Only the text of the records below belongs in the answer, copied exactly, with pictures omitted.

Information provided START

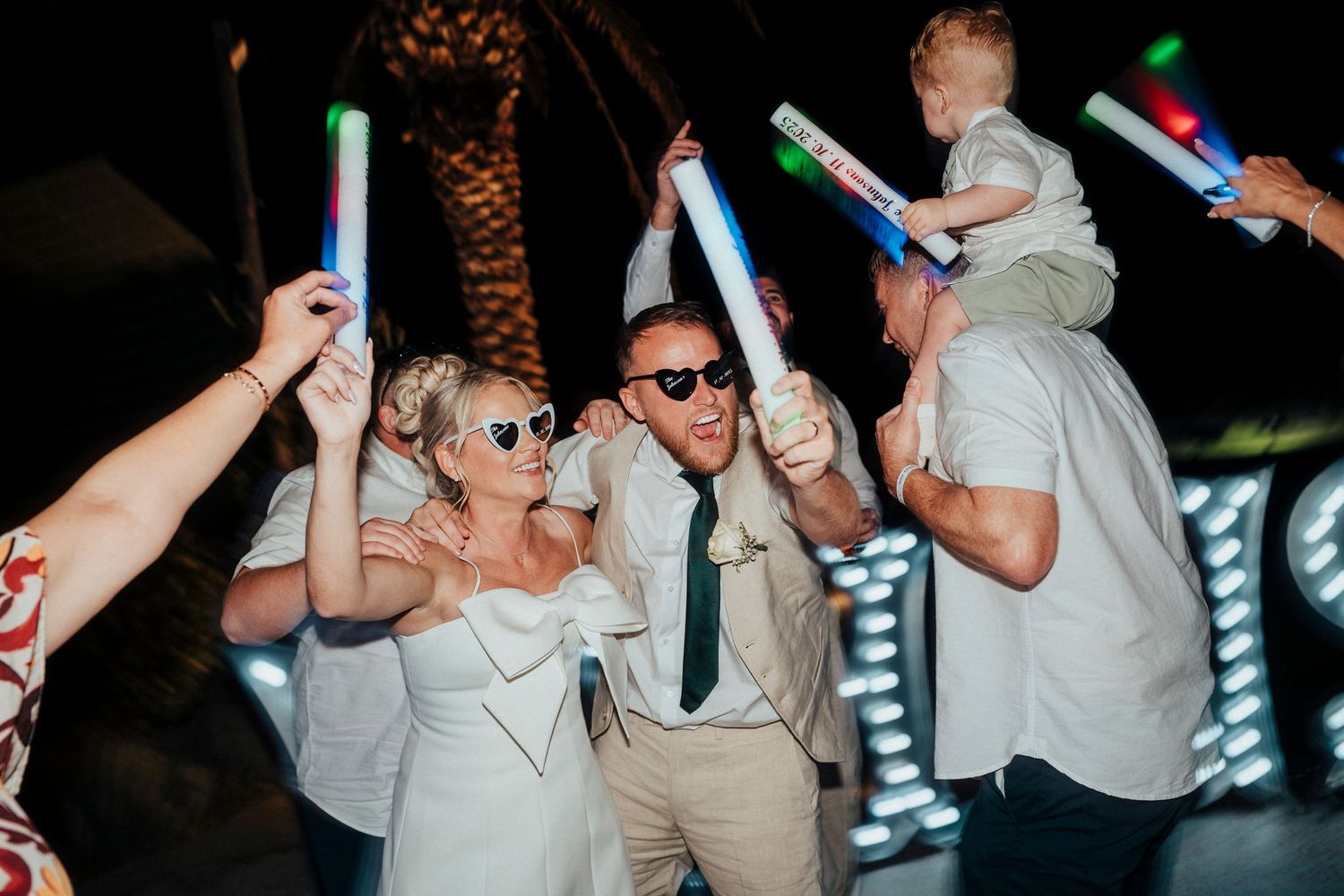 Wedding party celebrates with drinks and laughter at a reception with colorful lighting and floral decor.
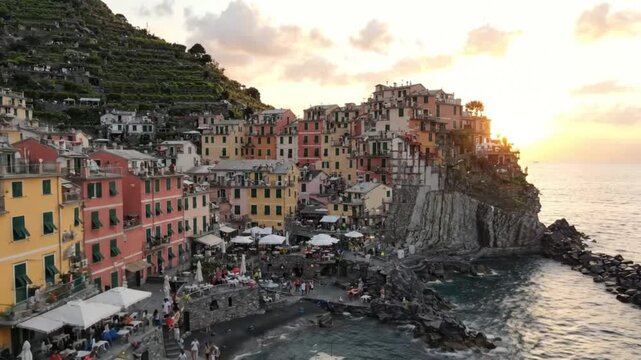 Colorful coastal village at sunset with dramatic cliffs and seaside buildings in Cinque Terre Italy scenic travel destination landscape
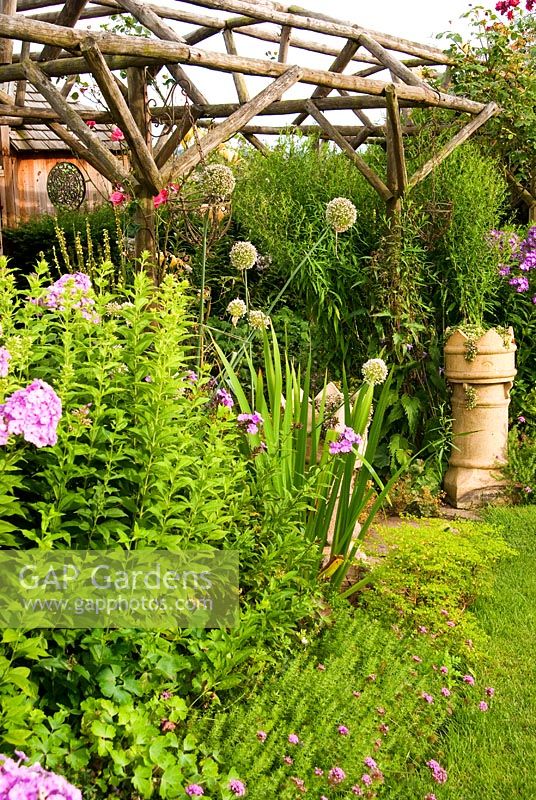 Wooden pergola surrounded by phlox, flowering leeks and Phuopsis stylosa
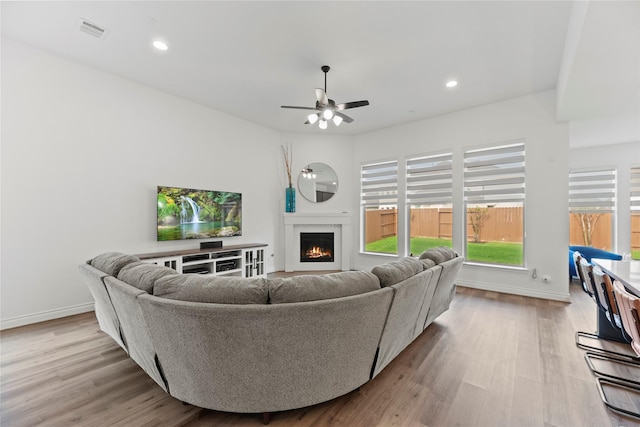 2122 Rosybill Dr, Katy, TX 77494 - living room featuring a ceiling fan, a lit fireplace, visible vents, wood finished floors, and baseboards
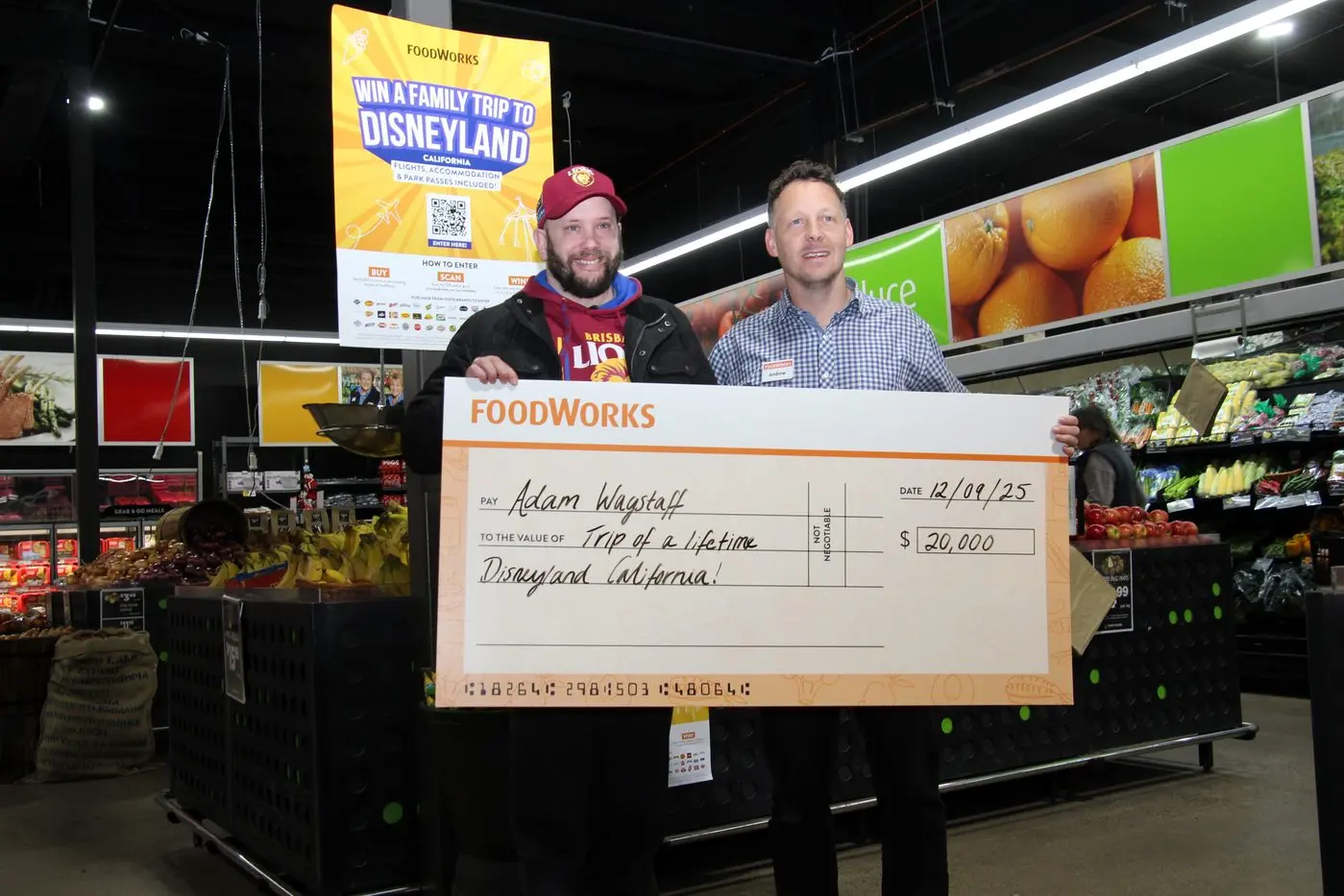 RETAIL JOY: Shopping local paid off for Adam Wagstaff (left) who was presented with a trip to Disneyland by Foodworks Mansfield manager Andrew Marshall last Friday. PHOTO: Lynn Elder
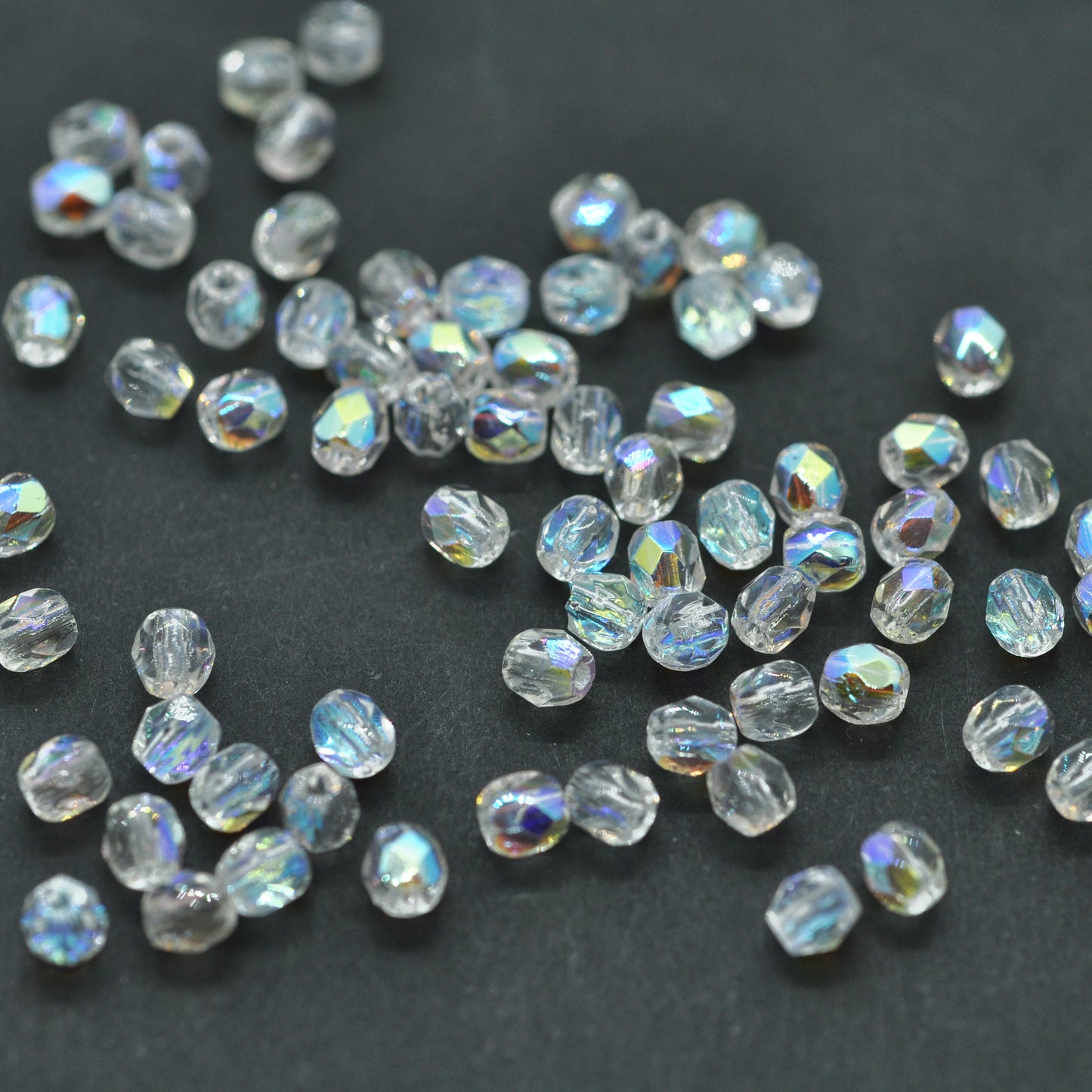Preciosa ground glass beads / crystal AB / 100 pcs. / 3mm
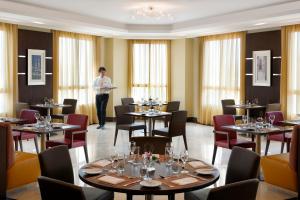 a man standing in a restaurant with tables and chairs at Marriott Executive Apartments Riyadh, Convention Center in Riyadh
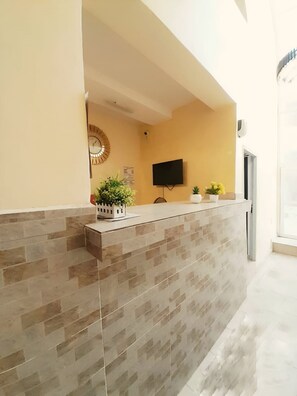 Uma área de recepção com parede revestida de azulejos, televisão de tela plana e plantas em vasos.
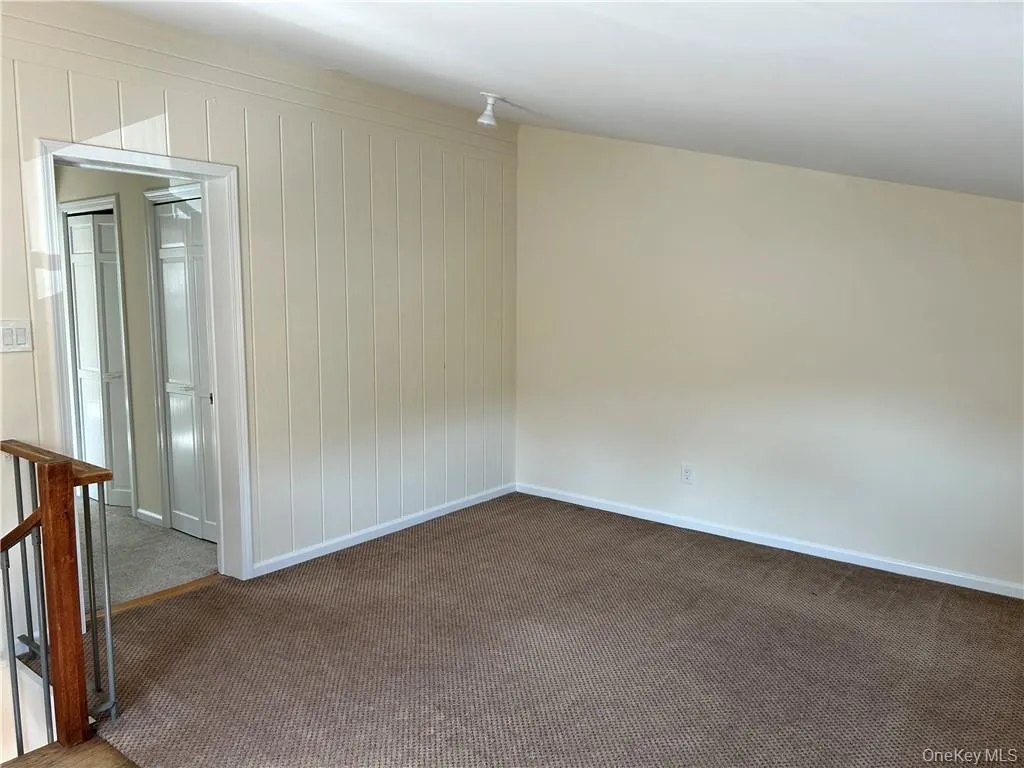 Unfurnished room with dark colored carpet Unfurnished room with dark colored carpet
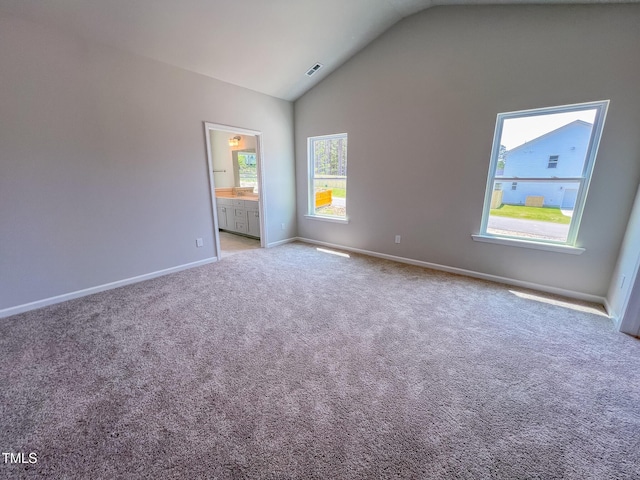 403 Duncan Creek Rd # 131, Lillington, NC 27546 - carpeted spare room with lofted ceiling and baseboards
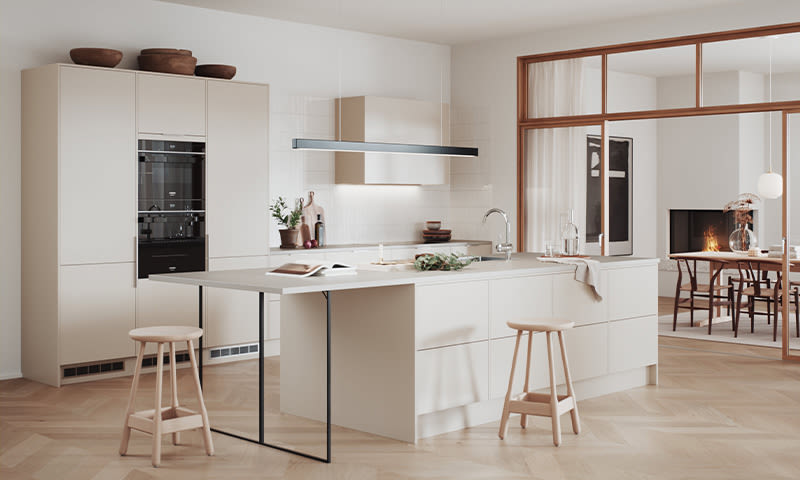 Moderne lysebeige kjøkken med øy, to barkrakker og åpen spisestue med peis.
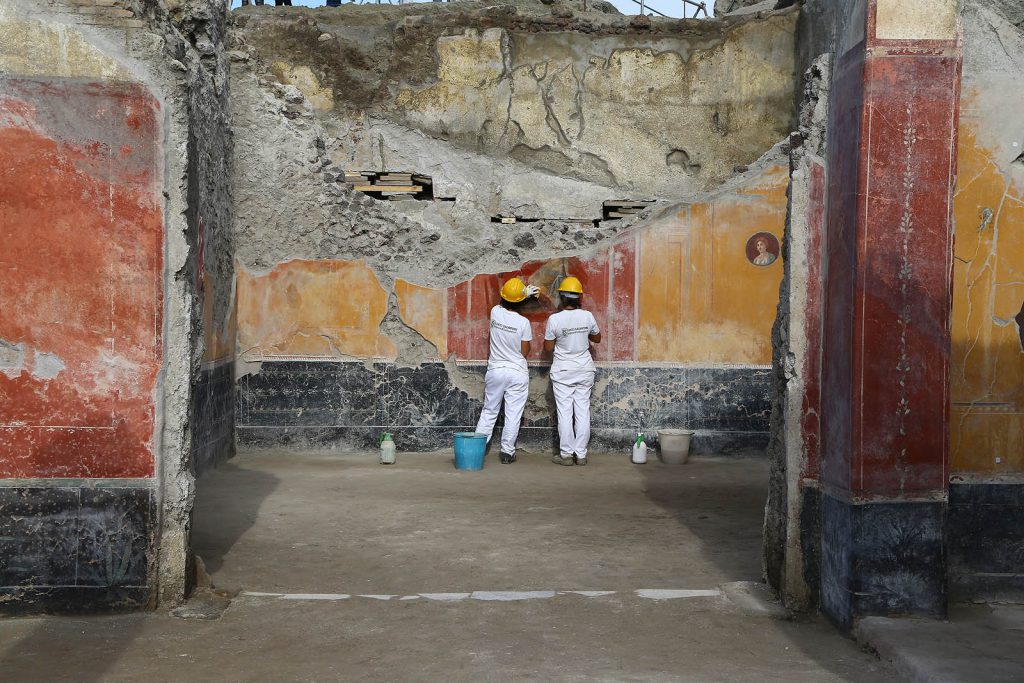 Restorers work on a fresco in a newly excavated area of Pompeii, the ancient Roman town buried by the eruption of Vesuvius in A.D. 79.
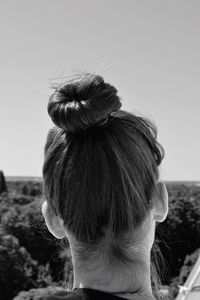 Rear view of woman with hair bun at art museum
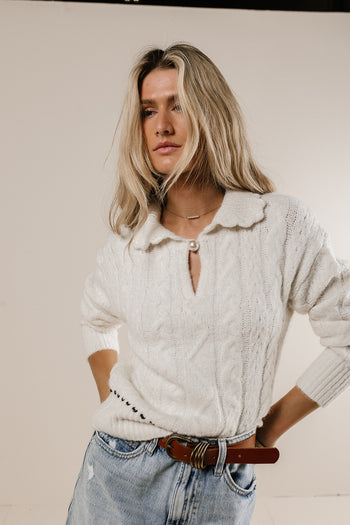 collared knit sweater with black stitching and pearl button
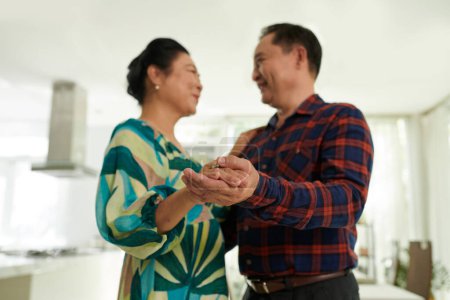 Téléchargez les photos : Heureux couple vietnamien âgé appréciant la danse romantique à la maison - en image libre de droit
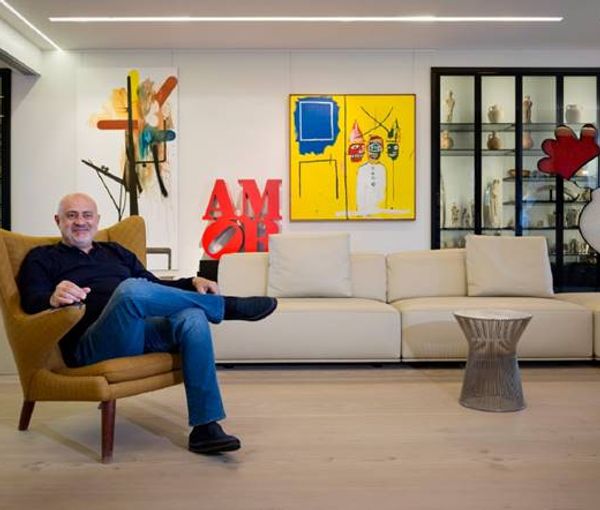 Nazem Said Ahmad in his penthouse in Beirut surrounded by artworks. Undated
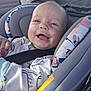 baby, car_seat, smile, infant, child, seatbelt, clothing, happy, portrait, person, interior, car, cushion, cute, young_child, seat, safety, child_in_car, infant_clothing, joy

Information provided END

* Your response:
 Wedding party celebrates with drinks and laughter at a reception with colorful lighting and floral decor.
 Colorful coastal village at sunset with dramatic cliffs and seaside buildings in Cinque Terre Italy scenic travel destination landscape
 Wooden pergola surrounded by phlox, flowering leeks and Phuopsis stylosa
 2122 Rosybill Dr, Katy, TX 77494 - living room featuring a ceiling fan, a lit fireplace, visible vents, wood finished floors, and baseboards
 RETAIL JOY: Shopping local paid off for Adam Wagstaff (left) who was presented with a trip to Disneyland by Foodworks Mansfield manager Andrew Marshall last Friday. PHOTO: Lynn Elder
Preciosa ground glass beads / crystal AB / 100 pcs. / 3mm
 a man standing in a restaurant with tables and chairs at Marriott Executive Apartments Riyadh, Convention Center in Riyadh
 Uma área de recepção com parede revestida de azulejos, televisão de tela plana e plantas em vasos.
 Unfurnished room with dark colored carpet Unfurnished room with dark colored carpet
 403 Duncan Creek Rd # 131, Lillington, NC 27546 - carpeted spare room with lofted ceiling and baseboards
 Moderne lysebeige kjøkken med øy, to barkrakker og åpen spisestue med peis.
 Restorers work on a fresco in a newly excavated area of Pompeii, the ancient Roman town buried by the eruption of Vesuvius in A.D. 79.
 Rear view of woman with hair bun at art museum
 collared knit sweater with black stitching and pearl button
 Téléchargez les photos : Heureux couple vietnamien âgé appréciant la danse romantique à la maison - en image libre de droit
 Nazem Said Ahmad in his penthouse in Beirut surrounded by artworks. Undated
 baby, car_seat, smile, infant, child, seatbelt, clothing, happy, portrait, person, interior, car, cushion, cute, young_child, seat, safety, child_in_car, infant_clothing, joy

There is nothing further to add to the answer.